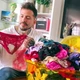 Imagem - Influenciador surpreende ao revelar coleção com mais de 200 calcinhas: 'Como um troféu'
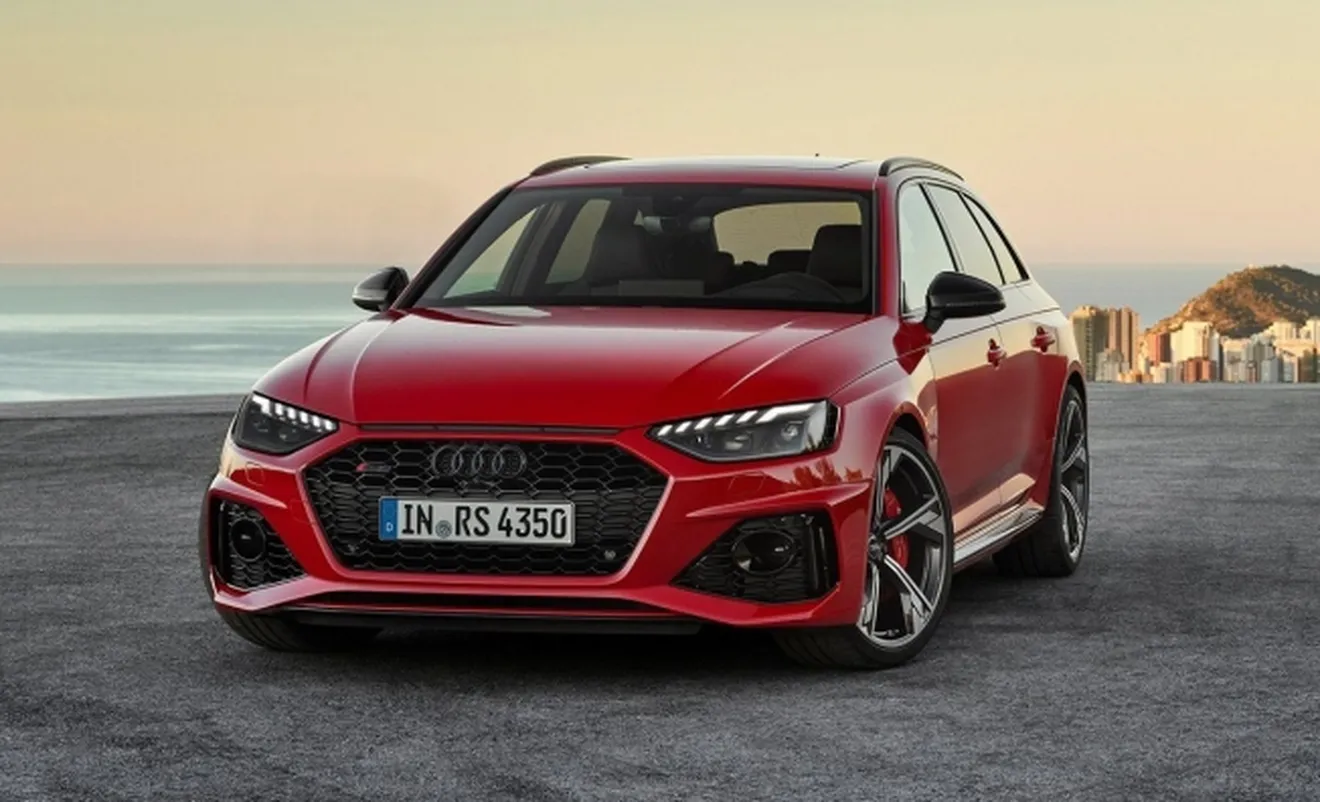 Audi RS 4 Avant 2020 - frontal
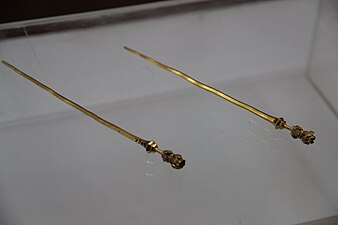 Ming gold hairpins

****

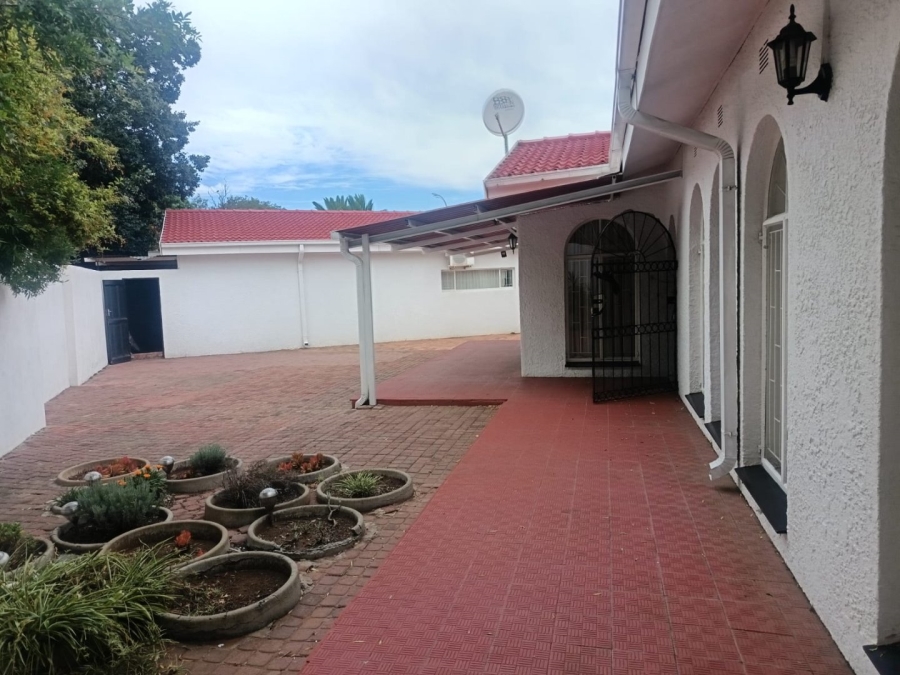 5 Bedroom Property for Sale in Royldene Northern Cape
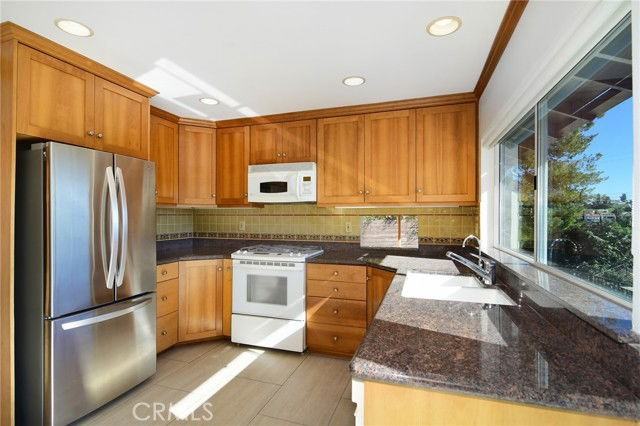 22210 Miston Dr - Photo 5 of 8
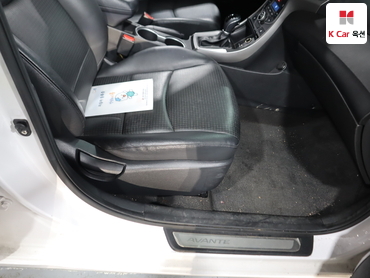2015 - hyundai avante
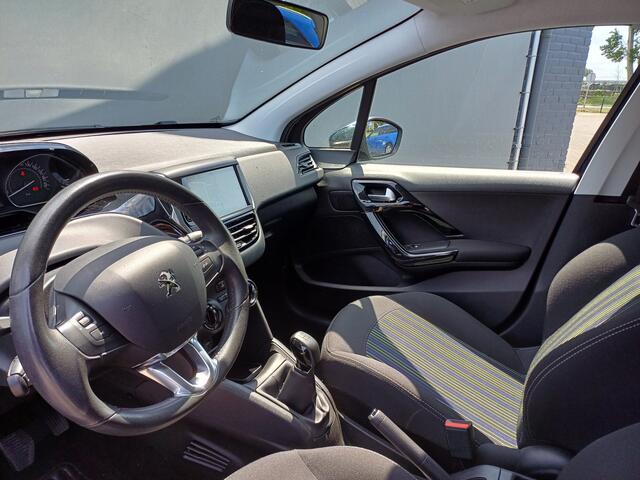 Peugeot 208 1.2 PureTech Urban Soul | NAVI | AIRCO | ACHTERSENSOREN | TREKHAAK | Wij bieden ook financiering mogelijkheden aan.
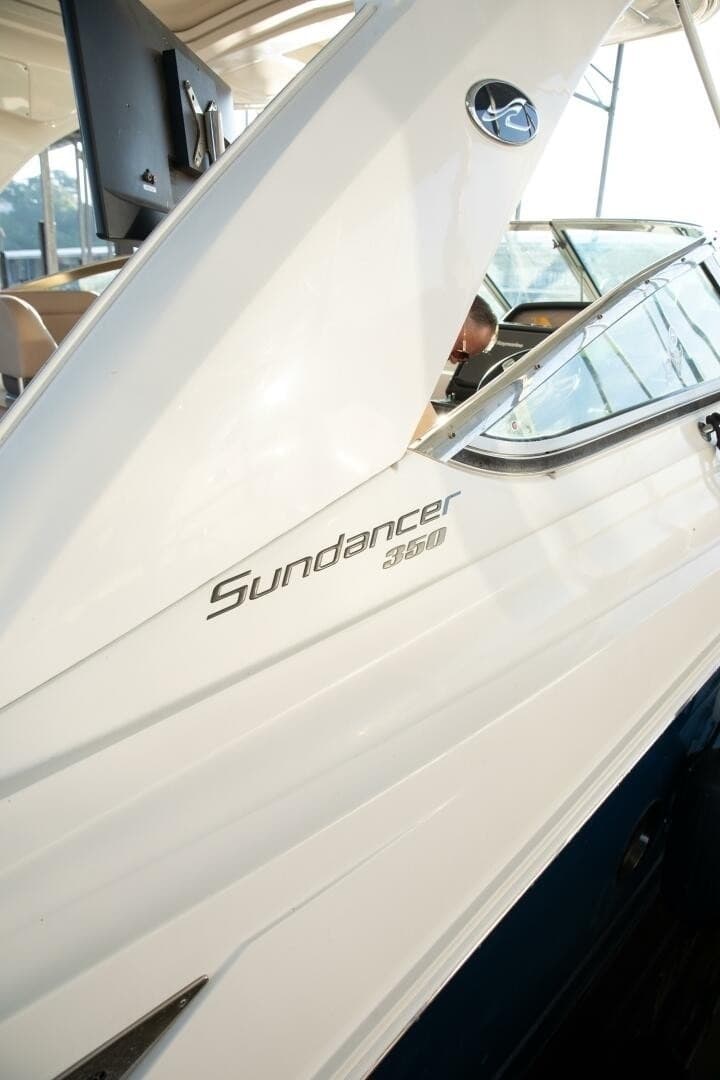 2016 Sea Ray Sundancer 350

****

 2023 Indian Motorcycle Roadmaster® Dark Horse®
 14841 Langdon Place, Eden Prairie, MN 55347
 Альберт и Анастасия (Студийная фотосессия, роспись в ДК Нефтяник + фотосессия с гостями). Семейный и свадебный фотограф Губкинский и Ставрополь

****

# TASK STATEMENT:
Find where the line with "22210 Miston Dr - Photo 5 of 8" sits in the material above and where the line with "2016 Sea Ray Sundancer 350" sits. Set down exactly the lines from the first to the second, both included and nothing else, without pictures.

# RESULT OF THIS EXERCISE:
 22210 Miston Dr - Photo 5 of 8
2015 - hyundai avante
 Peugeot 208 1.2 PureTech Urban Soul | NAVI | AIRCO | ACHTERSENSOREN | TREKHAAK | Wij bieden ook financiering mogelijkheden aan.
 2016 Sea Ray Sundancer 350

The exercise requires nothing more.